Staying healthy while traveling begins before you travel by being prepared with knowledge, prevention and protection techniques. For students traveling internationally, our International Travel Clinic nurse will assist you in planning, being prepared and knowing what to do if you do become ill while traveling. The following topics are a brief overview of some of the items that may be discussed during a group meeting, personal consultation, or via email.
First of all, learn about where you will be traveling. The exact destination is best to investigate and not the overall country as there may be large differences of disease patterns and health care accessibility within a country. Self-disclose to the nurse any food allergies, mental health needs, recent surgeries, or other medical conditions that you may have so that these can be addressed in a proactive fashion. Many times, the ITC nurse can assist in finding needed resources in the international country prior to your departure.

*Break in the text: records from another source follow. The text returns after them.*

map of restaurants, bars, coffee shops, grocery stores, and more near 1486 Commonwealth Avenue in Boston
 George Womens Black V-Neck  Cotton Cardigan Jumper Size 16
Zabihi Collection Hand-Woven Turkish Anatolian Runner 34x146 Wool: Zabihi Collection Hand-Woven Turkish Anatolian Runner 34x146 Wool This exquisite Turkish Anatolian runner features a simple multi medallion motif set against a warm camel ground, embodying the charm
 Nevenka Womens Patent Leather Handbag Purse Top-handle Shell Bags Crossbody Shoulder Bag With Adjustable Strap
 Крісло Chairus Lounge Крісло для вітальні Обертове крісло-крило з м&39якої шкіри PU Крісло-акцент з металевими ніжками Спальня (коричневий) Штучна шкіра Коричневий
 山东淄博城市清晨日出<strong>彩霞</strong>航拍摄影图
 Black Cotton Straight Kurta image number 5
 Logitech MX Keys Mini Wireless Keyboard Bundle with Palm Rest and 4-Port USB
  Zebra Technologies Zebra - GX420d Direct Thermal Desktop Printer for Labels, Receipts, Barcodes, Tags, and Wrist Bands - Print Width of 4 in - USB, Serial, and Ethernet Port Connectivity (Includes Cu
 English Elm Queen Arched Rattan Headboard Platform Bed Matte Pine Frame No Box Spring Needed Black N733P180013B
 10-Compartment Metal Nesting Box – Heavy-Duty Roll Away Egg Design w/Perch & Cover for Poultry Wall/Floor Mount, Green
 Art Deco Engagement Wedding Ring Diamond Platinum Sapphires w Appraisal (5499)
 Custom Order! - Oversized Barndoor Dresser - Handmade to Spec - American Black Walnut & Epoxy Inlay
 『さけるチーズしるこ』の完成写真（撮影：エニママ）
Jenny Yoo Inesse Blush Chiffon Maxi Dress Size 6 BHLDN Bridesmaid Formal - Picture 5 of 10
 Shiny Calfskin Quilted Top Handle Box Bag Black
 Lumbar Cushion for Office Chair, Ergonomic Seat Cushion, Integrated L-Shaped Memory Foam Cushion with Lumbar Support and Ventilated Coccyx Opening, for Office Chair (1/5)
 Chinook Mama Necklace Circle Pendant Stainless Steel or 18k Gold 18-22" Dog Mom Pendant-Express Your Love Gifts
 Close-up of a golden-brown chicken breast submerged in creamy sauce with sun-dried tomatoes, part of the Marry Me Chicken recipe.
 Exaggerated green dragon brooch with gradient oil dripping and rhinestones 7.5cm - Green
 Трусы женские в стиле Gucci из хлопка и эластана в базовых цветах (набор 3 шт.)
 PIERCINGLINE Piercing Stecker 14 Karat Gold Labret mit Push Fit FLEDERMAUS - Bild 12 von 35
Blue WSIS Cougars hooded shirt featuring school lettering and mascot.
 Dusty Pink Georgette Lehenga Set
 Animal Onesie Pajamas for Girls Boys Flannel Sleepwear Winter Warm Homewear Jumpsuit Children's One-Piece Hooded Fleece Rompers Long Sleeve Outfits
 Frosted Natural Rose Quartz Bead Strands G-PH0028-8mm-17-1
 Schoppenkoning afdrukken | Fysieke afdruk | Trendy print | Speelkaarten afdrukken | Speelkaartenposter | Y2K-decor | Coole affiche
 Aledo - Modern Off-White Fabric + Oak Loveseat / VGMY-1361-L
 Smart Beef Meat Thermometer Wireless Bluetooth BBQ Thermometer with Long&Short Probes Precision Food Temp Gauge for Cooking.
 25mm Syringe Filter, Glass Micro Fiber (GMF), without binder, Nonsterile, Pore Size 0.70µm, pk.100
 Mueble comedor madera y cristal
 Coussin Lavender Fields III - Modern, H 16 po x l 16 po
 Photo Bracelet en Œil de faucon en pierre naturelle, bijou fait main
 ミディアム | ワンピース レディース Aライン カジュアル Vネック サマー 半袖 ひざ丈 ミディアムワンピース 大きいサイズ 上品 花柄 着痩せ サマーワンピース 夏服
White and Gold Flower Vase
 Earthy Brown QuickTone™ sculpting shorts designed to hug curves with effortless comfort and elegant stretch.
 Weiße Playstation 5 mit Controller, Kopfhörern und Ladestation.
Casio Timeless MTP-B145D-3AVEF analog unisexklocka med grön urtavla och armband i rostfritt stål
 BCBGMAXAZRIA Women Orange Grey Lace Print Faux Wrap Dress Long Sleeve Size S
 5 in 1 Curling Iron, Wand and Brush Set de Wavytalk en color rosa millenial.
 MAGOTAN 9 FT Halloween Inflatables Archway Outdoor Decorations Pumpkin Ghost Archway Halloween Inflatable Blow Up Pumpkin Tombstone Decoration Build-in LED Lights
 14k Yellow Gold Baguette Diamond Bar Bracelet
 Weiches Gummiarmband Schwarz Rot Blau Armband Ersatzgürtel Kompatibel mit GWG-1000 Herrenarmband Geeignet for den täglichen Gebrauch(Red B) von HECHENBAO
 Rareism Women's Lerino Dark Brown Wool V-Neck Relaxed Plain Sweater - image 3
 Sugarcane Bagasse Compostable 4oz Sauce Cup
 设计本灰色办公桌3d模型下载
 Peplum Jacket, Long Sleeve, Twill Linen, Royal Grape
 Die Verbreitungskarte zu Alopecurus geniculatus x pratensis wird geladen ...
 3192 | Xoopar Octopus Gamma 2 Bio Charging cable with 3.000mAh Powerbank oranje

During your travels, your normal schedule is uprooted and changed. It is difficult at times to remember to take medications, eat well, get enough sleep and monitor food and water intake. These things are extremely important to staying healthy while traveling.
Other topics that will be addressed during your group meeting, individual travel consultation, or emails
- Medications: Any prescription or over the counter medications should be left in their original package
- Pre-existing physical and mental health concerns: Your primary care physician or specialist will need to provide Student Health Services with a letter of clearance or accommodation.
- Insect repellants and prevention: Diseases carried by mosquitoes and ticks, such as: Malaria, Chikungunya, Dengue, Yellow Fever, Japanese Encephalitis, Lyme Disease, Tick Borne Encephalitis, and others will be addressed and how to prevent these diseases.
- Rabies: How to prevent exposure; what is exposure; and what to do if you are exposed.
- Altitude Illness: Signs of this illness and how to avoid further injury
- Hydration: How to stay hydrated and certain medications that predispose individuals to dehydration. (See under "Packing a medical kit")
- Sunscreen: The importance of using sunscreen and its application.
- Blood borne pathogens: Understanding how to prevent an exposure can save you from unneeded worry and testing.
- Health Insurance: Check with your insurance policy for coverage while abroad. All students traveling with a Wheaton program will have accident & illness coverage through EIIA - see EIIA (PDF) for benefit summary. It is essential to understand the best health insurance to carry while traveling.
- Sexual health: Prevention of sexual harassment or assault is essential so that you can study, work, and live without fear.
- Skin Care: Due to hygiene changes, as well as weather changes, at times simple wounds become complicated quickly. Wash wounds often with soap and water. Monitor wounds closely and be quick to ask for medical care if areas become reddened, warm, or draining thick fluid.
- Post travel needs: International travel potentially carries risk of contracting a variety of illnesses. Understanding what symptoms and illnesses need to be addressed promptly can decrease prolonged convalescence.
Traveler's diarrhea (TD) is rarely life-threatening, although it can make you feel miserable. Countries with higher risk for infection are in Africa, the Middle East, Latin America and the Indian Subcontinent. The severity and duration of TD depends on the microorganisms consumed in contaminated food or water. Common symptoms include bloating, diarrhea, nausea, and malaise.
How to treat TD (Traveler's Diarrhea)
- First and foremost, stay hydrated. To make oral hydration solution, add 1/2 tsp. salt and 6 teaspoons of sugar to 1 liter safe water or drink Gatorade. Do not rehydrate with coffee, coke, water or artificial sweetener drinks.
- For moderate diarrhea (3-5 stools per day) first take Pepto-Bismol (as directed).
- Severe diarrhea requires a person to drink 3-4 liters of oral rehydration fluids followed by safe water to avoid dehydration.
- Consume a diet of "BRAT" (bananas, rice, applesauce, toast/tea) and foods that constipate, including crackers, cooked carrots and breads.
- Avoid raw fruits and vegetables, greasy or spicy foods, alcohol, dairy products, and caffeinated beverages.
- Take the antibiotic that you have been given (azithromycin) when you are experiencing moderate to severe diarrhea. If the antibiotic is not helping after the second dose and the diarrhea continues, seek medical help.
Only take Imodium when you are taking an antibiotic for TD. Do not take any antimotility medications by themselves as it does not kill the bacteria creating the problem.
Diarrhea is not the only reason to stay hydrated. Heat and sun exposure can quickly dehydrate you. Avoid heat and sun exposure and drink 8-10 glasses (8oz) per day of fluid (not just water) to stay hydrated.